Maintenance is cited as an important cause. Police commissioner Rashmi Shukla has decided to monitor the issue on a day to day basis. “Earlier, about 200 cameras would remain shut for maintenance every day . Now, I have brought the number down to 20 or 25,“ Shukla told TOI. The 1,230-odd cameras monitor prominent junctions, roads and streets that lead to vital installations located in different parts of Pune and Pimpri Chinchwad.
The control room is located in the Pune police commissioner’s office and a staff of about 20 officers keeps an eye on the screens 24X7. The city traffic police too use the CCTV footage to book traffic offenders. Besides, any crime spotted on camera is reported to the ground staff. A senior police officer said that cameras cannot stop a crime, but they generate vital evidence which can be used in the court to achieve conviction. “Also, many crimes can be averted with prompt police action,“ the officer said.
On Thursday , TOI came to know from a senior police official that about 61 cameras were not functioning on that day .
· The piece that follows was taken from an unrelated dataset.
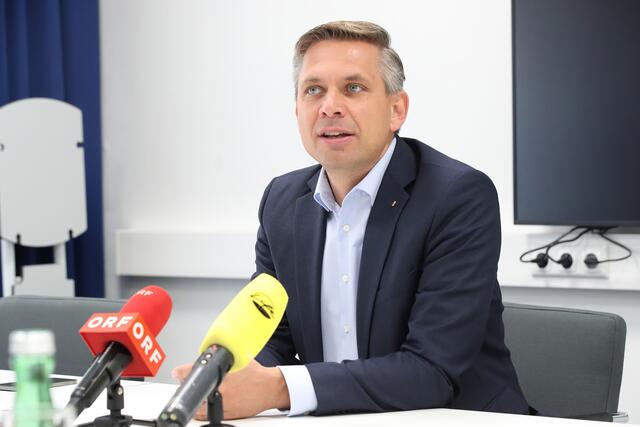 Sozial-Landesrat Wolfgang Hattmannsdorfer (ÖVP) will nicht nur das Image des Pflegeberufes aufpolieren, sondern auch das vorhandene Potenzial besser nutzen.  | Foto: Land OÖ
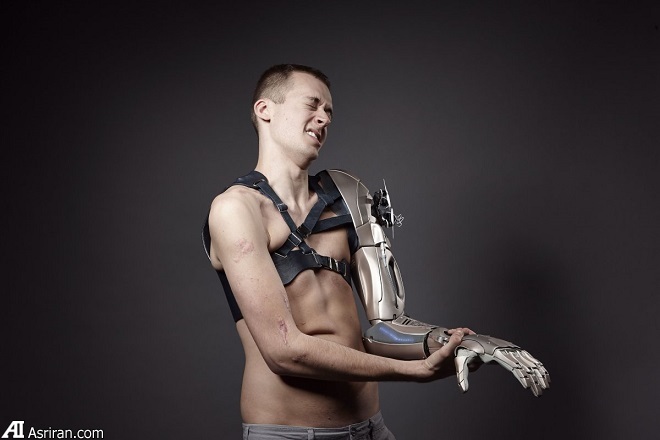 جذابترین دست مصنوعی جهان مجهز به پهپاد و چراغ قوه جذابترین دست مصنوعی جهان مجهز به پهپاد و چراغ قوه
Shukla said that some cameras were not functioning due to illegal road digging while recent rains had caused damage to some more cameras. “We are executing repair and maintenance work every day ,“ she said.
At times, tree branches fall on camera wires and disrupt rely of signals to the control room. A senior officer said that at times, illegal tree cutting too causes damage.
Dust and pollution are the other factors that affect the functioning of CCTV cameras in the city.
The drive to install CCTV cameras all over the city gained momentum after the 2010 German Bakery blast in which 17 people were killed and about 60 escaped with injuries. Similarly , an IED explosion outside the building housing Faraskhana and Vishrambaug police stations in 2014 put the police on guard.
After the two incidents, the state home department started installing CCTVs in the city and the work to install 1,230 cameras concluded in August last year.